# Show Mouse Weight



## Cheshire Gleam (Aug 15, 2016)

I've been skimming around and just reading stuff, when I came across a wiki article on fancy mice. Granted, it is wiki, so it could be wrong but I couldn't believe it when I saw it! It states that some show fancy mice can weight up to 130 grams. My male syrian hamster weights 154 grams and is quite huge. To think a mouse could be almost as big as him is a little shocking. Can a show mouse really get this massive?


----------



## Lilly (Nov 21, 2015)

I haven't seen any in the US that reach that weight, wouldn't surprise me if a pew show mouse can reach that age


----------



## Cheshire Gleam (Aug 15, 2016)

I'd just never heard of them getting so large. I know UK stock is a lot bigger than the stock over here, but I didn't realize by that much. Can't wait to go there someday and see all the massive mice!


----------



## Lilly (Nov 21, 2015)

I thought 70-80g was considered a quite large patterned buck over here, pew would be bigger but not sure the exact weight... obviously meant weight not age...


----------



## Cheshire Gleam (Aug 15, 2016)

My largest mouse is only 46 grams, most of them being between 35-43 grams. Haven't ever seen anything much bigger since it's always a pet store that I'm in. Is 70-80 grams common for really nice show quality in the US?


----------



## RoseSpice (Oct 24, 2016)

My currently nursing female is at 40, and I can't imagine her being that big. O.O


----------



## Lilly (Nov 21, 2015)

My heaviest bucks are mid 60's but they are splash/c-dilutes chosen for pattern so are a lot smaller than show pink eyed selves can be.

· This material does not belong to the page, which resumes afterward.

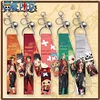 Character of ONE PIECE Streamer Bell Key Chain - Free Shipping - ONE PIECE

When you say show mice though it varies a ton, some marked/patterned varieties like hereford tend to be a lot smaller and probably 40g ish whereas the pink eyed selfs are almost always a lot bigger.

Black eyed selfs also are in general smaller than the pink eyed ones with black being pretty small in comparison to the pew


----------



## Cheshire Gleam (Aug 15, 2016)

Yeah, I hadn't thought of that. I'm sure breeding for good markings/patterns can comprise type, too. Challenge is part of the fun though. Anyway, it's neat some varieties can get that huge! Learning something about the hobby everyday.


----------



## Lilly (Nov 21, 2015)

PEW are generally the biggest because you don't have to worry about the correct color with them so can focus on size/type a lot more.


----------